A GRAND CEREMONY: Top Chinese leaders attend a commemoration for the centenary of the 1911 Revolution in Beijing on October 9 (LAN HONGGUANG)

This year marks the centenary of the 1911 Revolution that ended 2,000 years of imperial rule in China. The 1911 Revolution, which began on October 10, 1911, with an armed uprising in Wuchang, central China's Hubei Province, brought down the world's most long established monarchy and founded the first republican government in Asia.

To commemorate the centennial anniversary of the epoch-making event, a series of activities have been or are being held across the country.

On October 9, a grand ceremony was held at the Great Hall of the People in Beijing. President Hu Jintao and other top Chinese leaders attended. Hu gave a keynote speech.

Hu said that the 1911 Revolution was "a thoroughly modern, national and democratic revolution," which shook the world and ushered in unprecedented social changes in China.

Ending an era

"The 1911 Revolution overthrew the country's last feudal empire, the Qing Dynasty (1644-1911), and ended an absolute monarchy that had ruled China for thousands of years," Hu said.

"The revolution was also triggered by clashes between Chinese and Western values and subsequent attempts at reform by the ruling Qing court," said Zhang Ming, a professor at the School of International Studies of Renmin University of China.

The late 19th century was a period of great unrest in China. The country lurched from domestic disaster to humiliating foreign intervention, especially after the Opium War of 1840. In the face of this continuing national crisis, the Qing court made three attempts at reform.
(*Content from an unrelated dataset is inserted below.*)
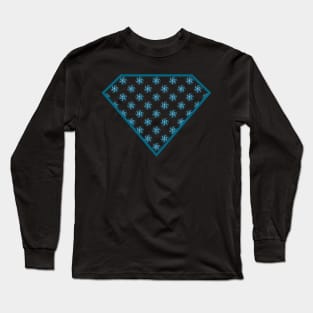 Yin Yang Diamond Design - Turquoise Color with a Ball Effect Pattern Long Sleeve T-Shirt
The first attempt, known as the Self-Strengthening Movement (1861-95), initiated a series of changes aimed only at technological advancement.

Then, from 1895 to 1898, the reform movement led by Kang Youwei (1858-1927)and Liang Qichao (1873-1929) focused on political and institutional restructuring. Academic societies were formed and more liberal newspapers were published, while the reformists also translated Western works into Chinese in order to disseminate Western political theories and scientific knowledge.
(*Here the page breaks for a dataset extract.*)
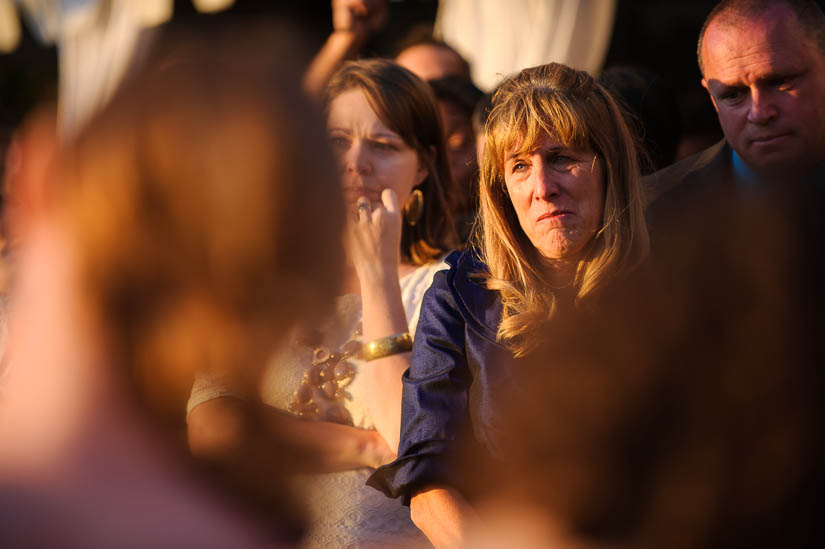 mother of the groom getting emotional during wedding ceremony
After the defeat at the hands of the Eight-Power Allied Forces, consisting of troops of Britain, the United States, Germany, France, Russia, Japan, Italy and Austria, in 1900, Empress Dowager Cixi, the de facto ruler of China at that time, was finally persuaded to launch a series of political, economic, military and educational reforms. The purpose of the reforms was ultimately to keep the Qing court in power. However, two policies announced by the Qing court in May 1911—the formation of a cabinet dominated by royal notables in the run up to the constitutional monarchy and the nationalization of the railways—caused huge public resentment and drove many people to the revolutionary cause.

The cabinet comprised 13 officials, nine of whom were Manchus, including seven blue-blooded imperial clansmen. The seven controlled military, finance, personnel, law enforcement and internal affairs.

The exclusive nature of the appointment sent a powerful message to capable and ambitious officials of a humble origin—no matter how able you were, without the right lineage you did not belong in the ruling elite. With their hopes of upward mobility dashed, many frustrated would-be reformers were driven to the camp of revolutionaries.

At the same time, rising nationalism led people to demand that Empress Dowager Cixi return the railways to the people and revoke the mining rights that had been granted to foreigners. The operation of the railroads was particularly crucial to ordinary people's livelihoods. Merchants and members of the gentry, especially in southern provinces, were keen to form companies to run the railways, however the Qing court in May 1911 issued bonds to attract foreign investors and nationalized the country's railroads.

Outraged people in southwestern Sichuan Province formed the Railway Protection League, 200,000 people clashed with government forces in Chengdu, and the New Army of Hubei was mobilized to suppress the unrest, leaving the strategic city of Wuhan in a vulnerable position. The revolutionaries seized this opportunity and stormed the city's armory and the governor's office. The fire of revolution was ignited.

The Wuchang Uprising started a chain reaction in China. In less than two months, 14 out of the 18 provinces within China's borders had declared independence.